Wake Up America! - Insomnia Is a Good Thing
Posted by Andy on May 21st, 2007
Last night I awoke sometime in the wee hours suffering from the aftermath of a gas station frozen pizza that had likely been there since the Clinton administration. I’ll save the rest of the details, but while I was trying to get back to sleep, I was flipping through the channels and came across the replay of Meet the Press. Newt Gingrich was on with Sen. Chris Dodd (D CT) discussing the war on terror, focusing on Iraq.
I did not catch the entire exchange, but I was really quite amazed with Newt’s commentary on the broader war on terror and his ideas for actually winning it.
You can see the entire transcript here. I came into it on page two, and was awe struck with this exchange.
MR. GINGRICH: But notice, there are two things there. First of all, even if you accept that this is a civil war, people have won civil wars. I devoted three novels about winning the American Civil War. And the fact is, civil wars are hard. But we also—I just did a novel on Pearl Harbor and the Second World War. The Second World War was hard. Guadalcanal was hard. If we’d had today’s Congress during Guadalcanal, the number of people who had said beating the Japanese is too hard, let’s find a negotiated peace, would have been amazing.

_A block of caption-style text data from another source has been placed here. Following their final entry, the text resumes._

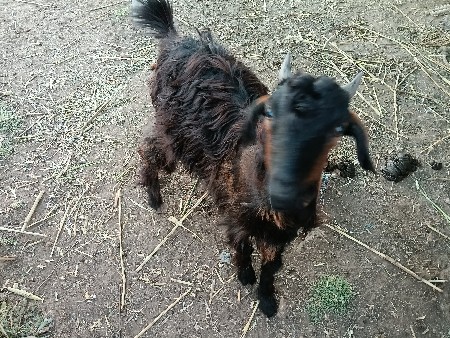 એક બોકડો અને એક બકરી વેચવાની છે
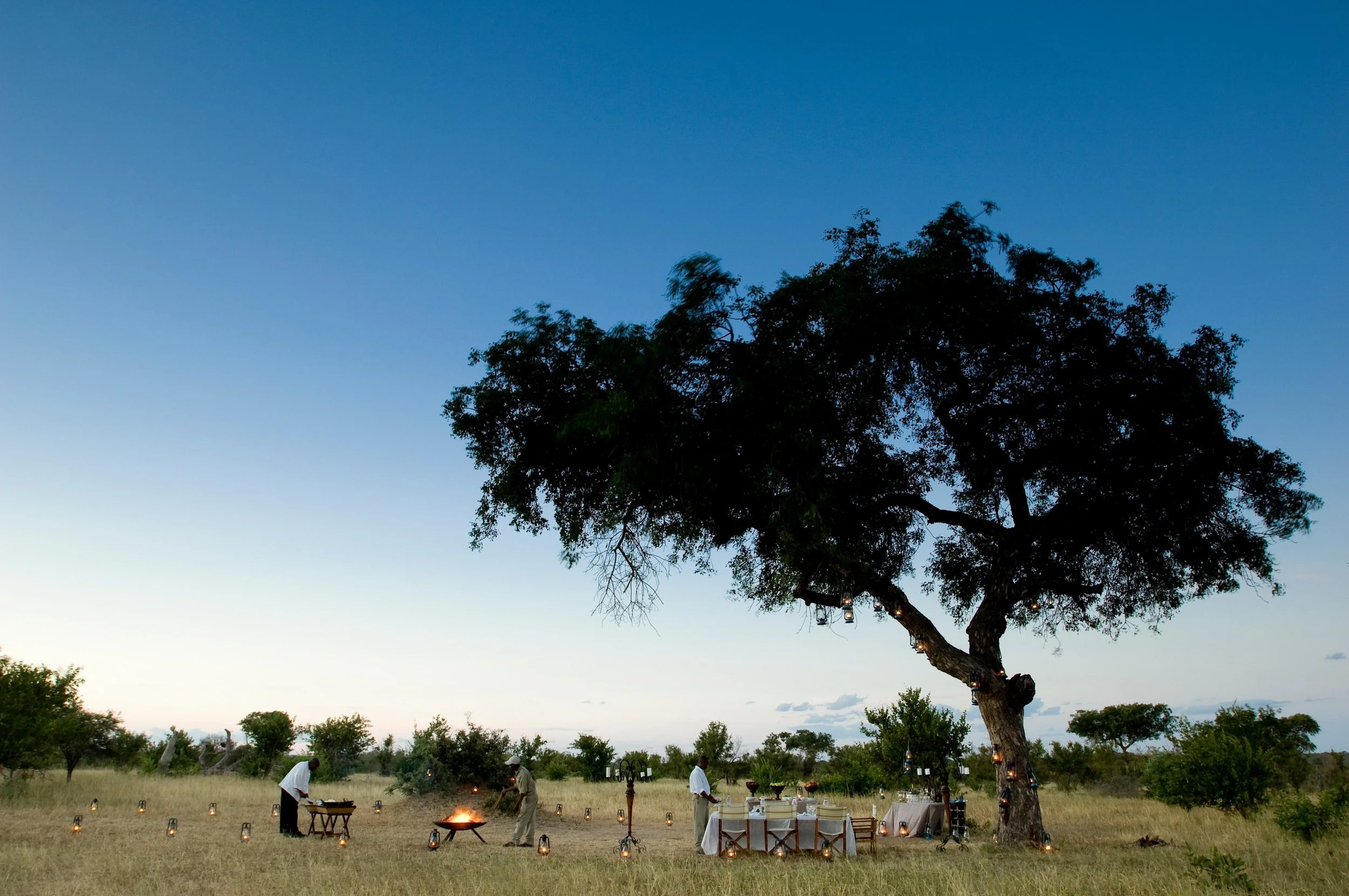 South-Africa-Ngala-Safari-Lodge-expereinces-bush-dining _2_-Low-Resolution-Widt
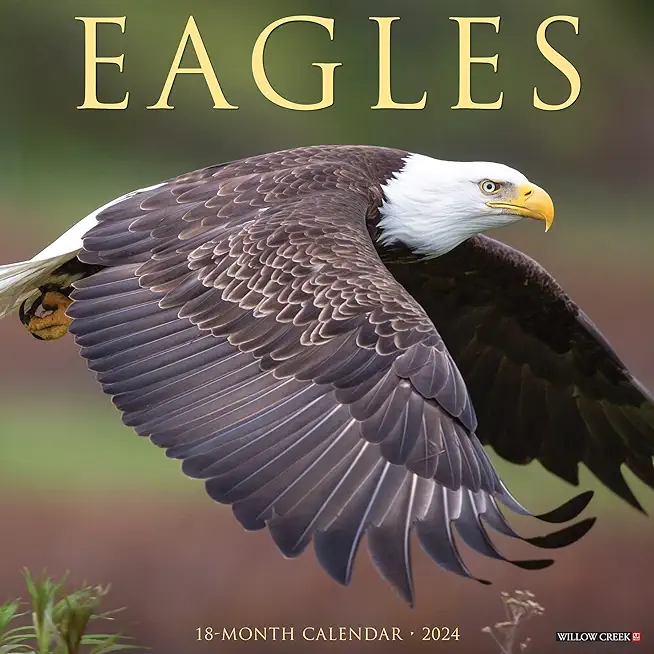 Eagles 2024 12 X 12 Wall Calendar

SEN. DODD: I disagree with that.
MR. GINGRICH: But there’s a course—we are, we are in a worldwide war, and, and I’m going to use a word that seems to be unfashionable in Washington. We need to think about winning this worldwide war. We need to understand that every week that goes by there are more young people recruited into al-Qaeda and into, into the various Iranian terrorist organizations. We just saw a video of a 12-year-old in Pakistan beheading a man.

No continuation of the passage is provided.